Hill learned the next day that indeed there would be a visit, but the guest would be President George W. Bush.
For the next five days staff members all across the university worked to ensure that the Presidential visit, organized by the Republican Party, would be a rousing success. A capacity crowd in Minges Coliseum came early on Wednesday and cheered its approval throughout a 30-minute address by the President.
Bush was introduced by Chancellor Richard Eakin, who presented the former majority owner of the Texas Rangers an ECU baseball team jersey.
The President used his speech to promote his tax and budget proposals and promised: "Tax relief is on the way."
His visit to the campus was the first by a sitting U.S. president and he drew a record crowd of more than 8,000 to Minges. Twenty -three ticket holders were in line at 7:30 on the morning of the event, even though the gates would not open until 2:45 p.m.
Last-minute preparations had continued through Tuesday night, including the covering of advertising signs on the big-screen TVs in Minges at the request of the White House.
One of the biggest challenges facing planners was parking. A team that included Craig Curtis (Athletics), David Santa Ana and Johnnie Eastwood (Parking and Traffic), Frank Knight (Police) and Scott Alford (Transit) met Tuesday afternoon to draw up the final plan. It was a strategy that had to deal with the regular contingent of Minges student parkers plus a special Olympics event crowd that would be on campus until early afternoon.
"We need to save this plan for the Louisville basketball game next season," Curtis said.
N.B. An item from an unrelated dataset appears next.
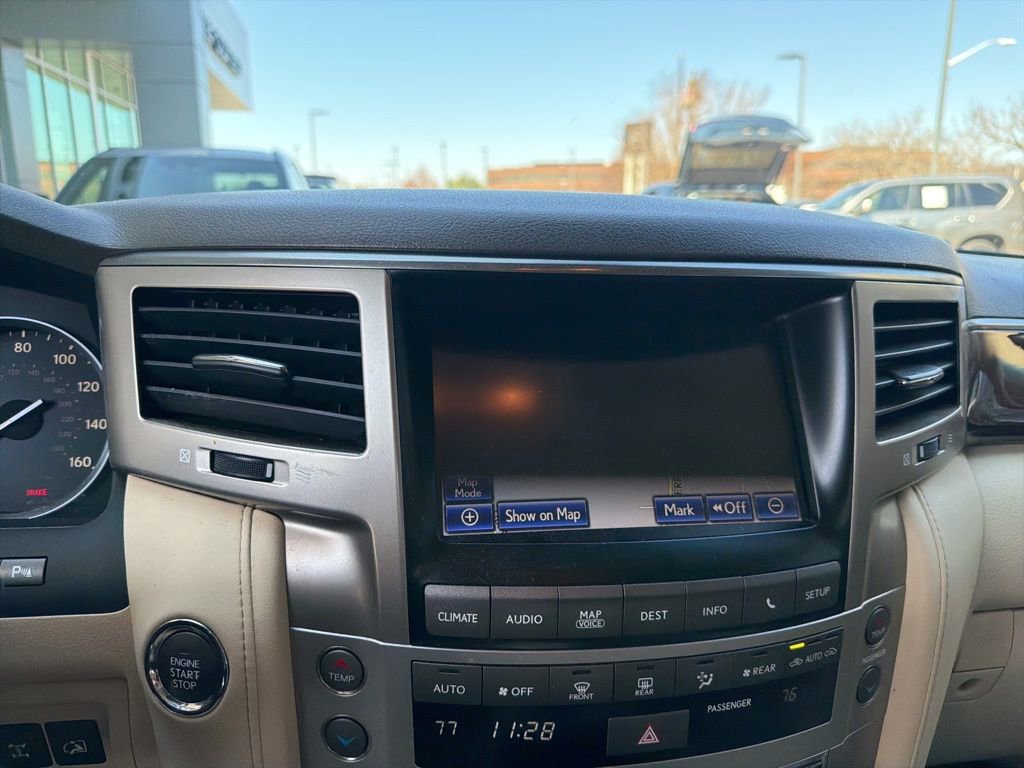 Used 2015 Lexus LX 570 4WD w/ Luxury Package image 39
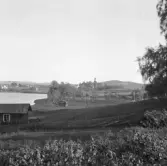 Säter, Gustafs, Enbacka. Utsikt mot kyrkan.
Another big user of services was the white House Corps. More than 60 media representatives travel with the President and they needed electricity, phone lines and writing and filing facilities. The Minges ticket office became an electronic transmission center and the southeast lobby of Minges was a press room. Five satellite trucks and three microwave trucks from national, regional and local organizations were on hand for the event.
And it all seemed to work. Hill was all smiles after the event. Police Chief Teresa Crocker reported no problems. Santa Ana said, "We have happy campers."